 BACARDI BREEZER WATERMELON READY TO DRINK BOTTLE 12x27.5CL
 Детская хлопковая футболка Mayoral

==

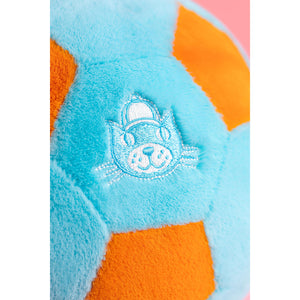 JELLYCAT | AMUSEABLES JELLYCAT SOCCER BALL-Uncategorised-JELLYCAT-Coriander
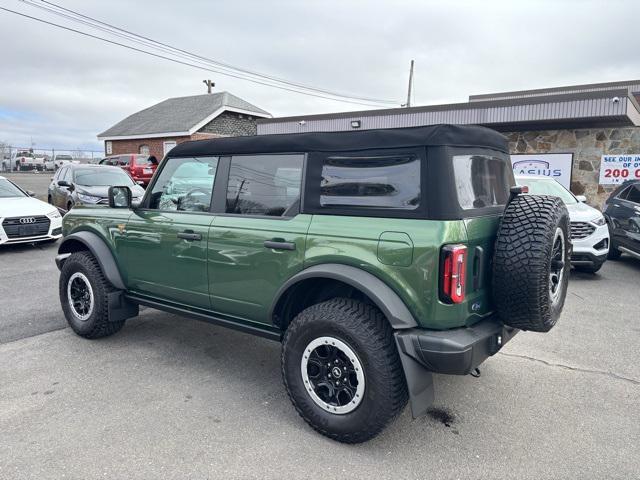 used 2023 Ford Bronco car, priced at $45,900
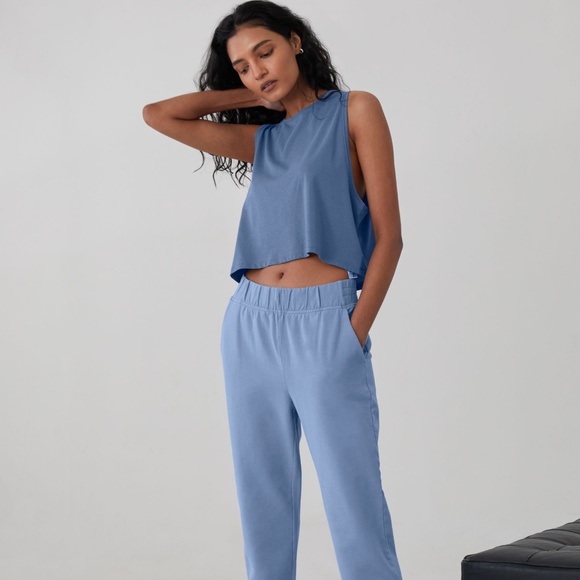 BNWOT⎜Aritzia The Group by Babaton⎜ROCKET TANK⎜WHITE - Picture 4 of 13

==

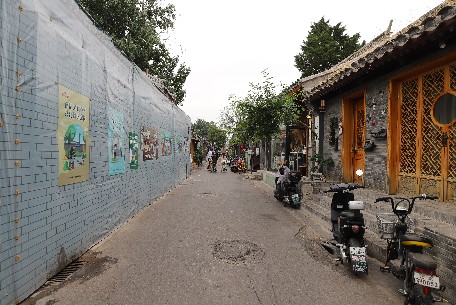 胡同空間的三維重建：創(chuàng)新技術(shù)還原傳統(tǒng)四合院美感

(YOUR TASK):
Give back precisely the lines above that start at the line containing "BACARDI BREEZER WATERMELON" and end at the line containing "Детская хлопковая футболка Mayoral", inclusive. No other lines belong in the output.

(RESULT FOR THIS EXERCISE):
 BACARDI BREEZER WATERMELON READY TO DRINK BOTTLE 12x27.5CL
 Детская хлопковая футболка Mayoral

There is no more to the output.